We’ve got a different spin.
When did athletes start talking about winning a championship ring?
What’s so wrong about just winning a championship?
I hear Little League kids today talking about “winning the ring.” And college athletes.
It’s not a reference to the old “brass ring,” a phrase people that age don’t even know about any more — ask your grandparents, it has to do with riding a carousel. It’s about the pursuit of a piece of jewelry that most won’t even wear because of the fear that it’ll be stolen. So they put it in a safe deposit box.
So, then, why is acquiring a ring so important if you don’t even show it off? Because that’s called modesty. Not calling attention to yourself. And a fear of some crazy guy holding you up and swiping it.
Rings can be used as collateral, apparently. Ask a pawn shop owner. Rings can be resold on eBay. Or maybe they’re reproductions. We’re not sure.

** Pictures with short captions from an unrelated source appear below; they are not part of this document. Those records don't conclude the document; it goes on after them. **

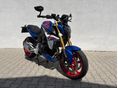 BMW F 900 R 2026 - 2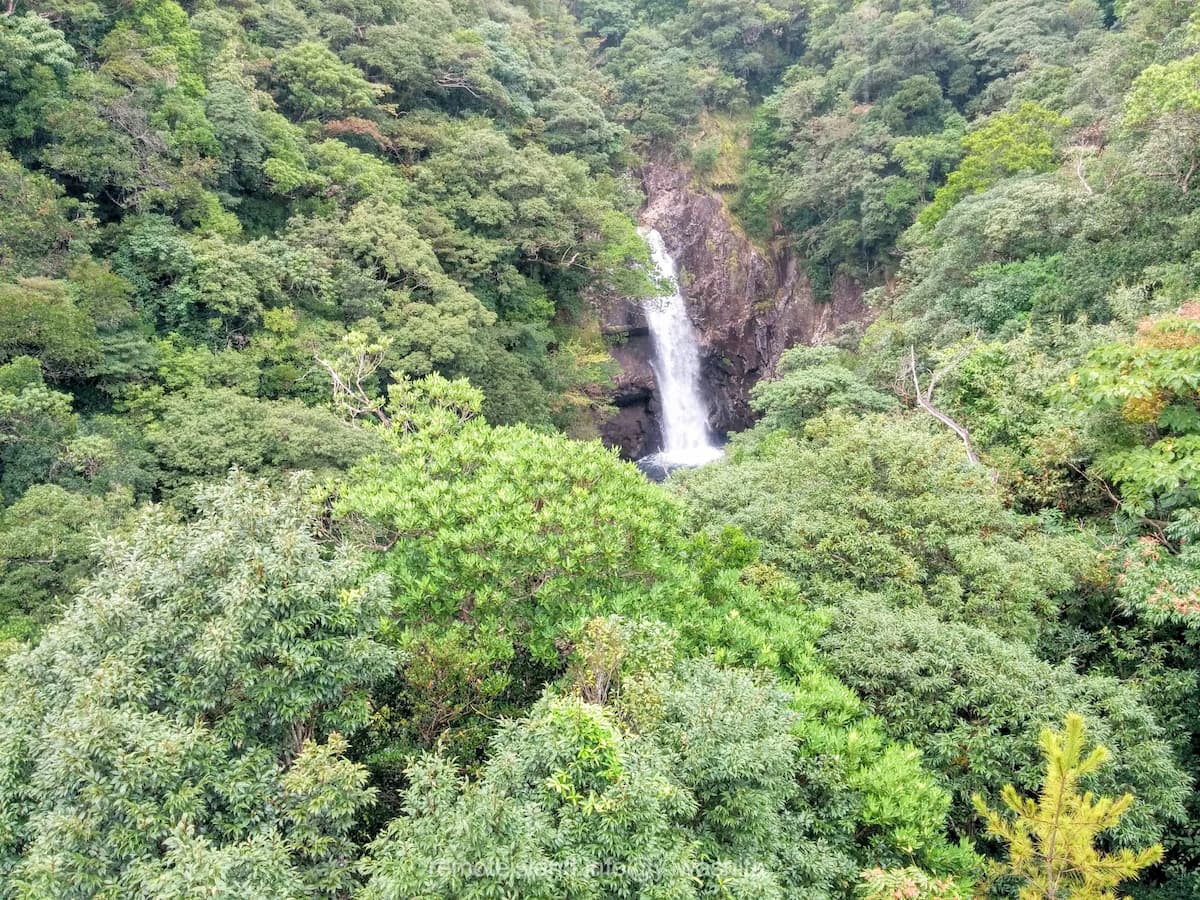 01竜神の滝.jpg 01竜神の滝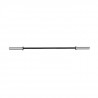 GRYF OLIMPIJSKI PROUD GYM BARBELL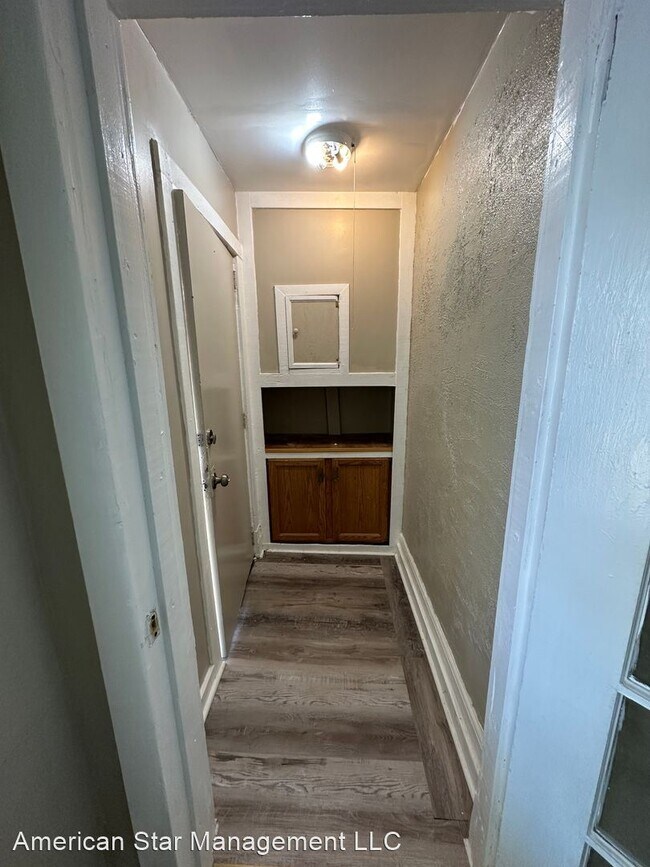 Building Photo - 5 br, 2 bath House - 212 Grote St - 1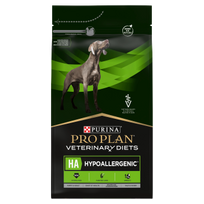 purina pro plan 3 kg - Sausas šunų maistas Purina Pro Plan Duo Delice Hypoallergenic, 3 kg - 3 nuotrauka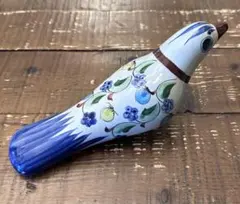 Item thumbnail for item 0c881eee-4725-4d45-a237-96f48e8b5a7b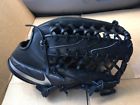 Bf1716-001 886066608585 Nike Mvp Select Glove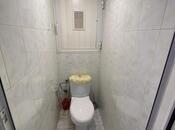 Satılır 2 otaqlı köhnə tikili 56 m², Memar Əcəmi m., photo 5 from 6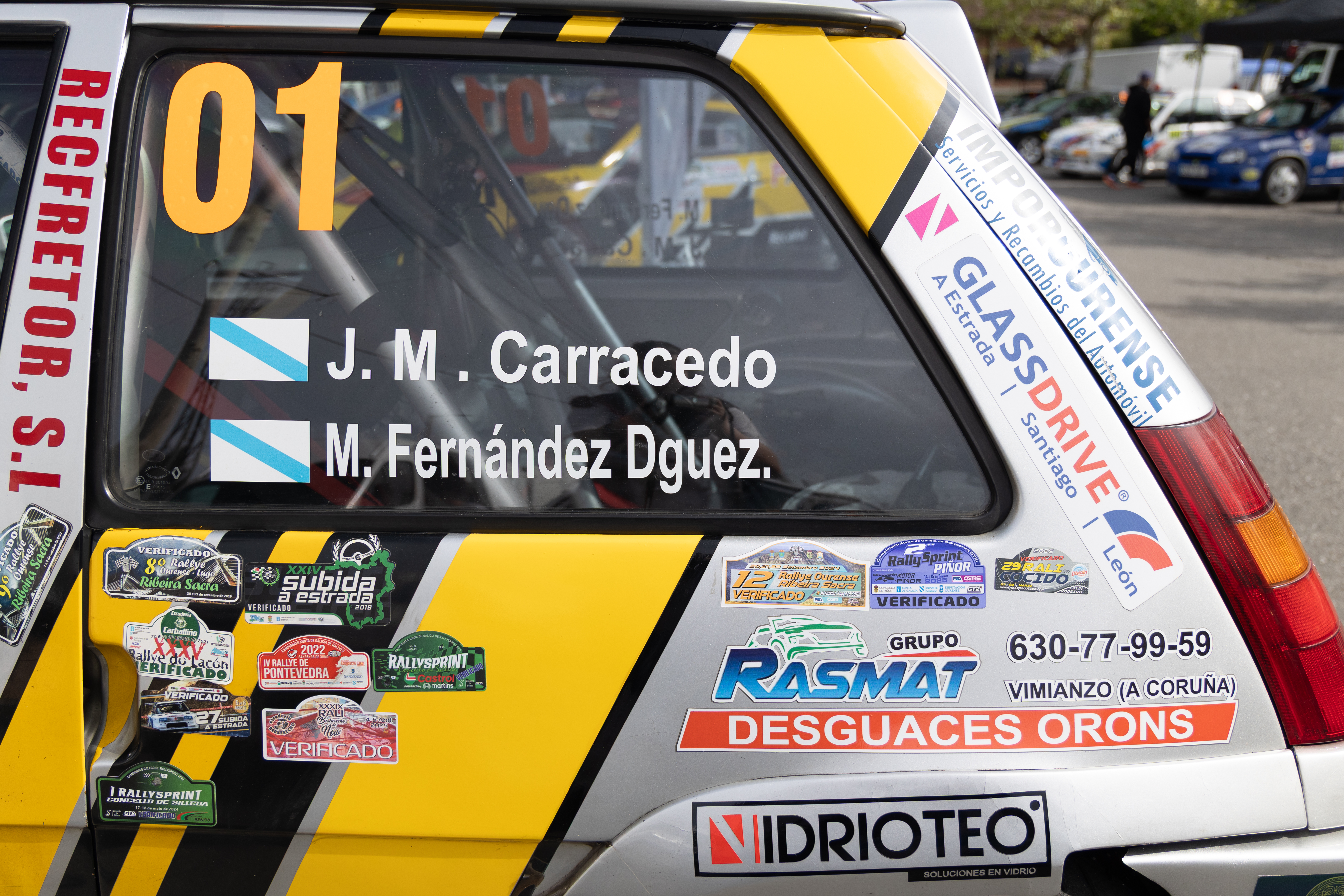 Imagen 5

We turned on the ESPY Awards last night for about 10 seconds — long enough to hear Seth Meyers tell a joke: Congradulations to Phil Jackson for winning his 11th championship. Eleven rings. One for each finger and we don’t want to know where he’s going to put this new one.
Great, a penis joke is now associated with winning a ring.
The bottom line: You can’t be totally satisfied with knowing you’ve won a championship. You need the “ring ceremony” to validate it? Ask the Lakers players when they open the 2010-11 season with another big to-do about it. Ring in the new year, the headlines will say.
Satisfaction sure takes a lot of extra work these days.